“We believe that over time, failures will increasingly not be the result of a single point of failure, but instead be linked to complex interactions between systems, including software, networks, and external dependencies. While site-based electrical and mechanical infrastructure remain a critical building block that needs to be resilient, digital infrastructure is becoming more distributed with outages originating outside the data center, including those tied to power availability, network connectivity, or the reliance on external cloud services playing a larger role,” said Andy Lawrence, founding member and executive director, Uptime Intelligence, in a statement.
According to Uptime’s survey data, half of operators reported experiencing an impactful outage within the past three years, down from 74% in 2020. However, about one in 10 respondents said their most recent outage was serious or severe.

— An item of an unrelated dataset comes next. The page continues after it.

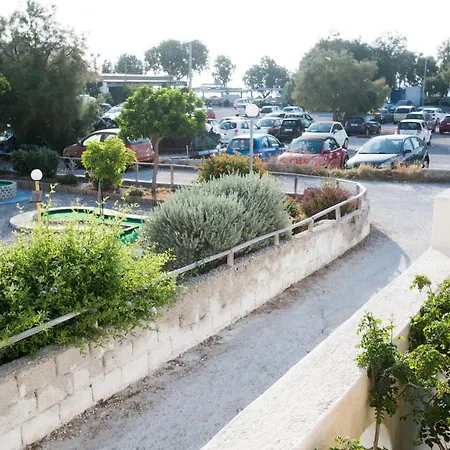 Villa E & E Kamari (Santorini)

Uptime analysts said that stable outage rates do not necessarily indicate lower operational risk. As organizations run increasingly critical workloads across interconnected environments, even isolated incidents can trigger broader service disruptions across cloud, networking, and application infrastructure, according to Uptime.
“Digital infrastructure is remarkably resilient,” Lawrence said during a webinar discussing the findings. “But further resiliency gains are becoming harder to achieve.”
Power failures are the leading cause of data center outages
Power failures continue to dominate data center outage causes, accounting for 45% of impactful outages in Uptime’s latest survey data. While that figure declined from the previous year, it remains significantly higher than any other category.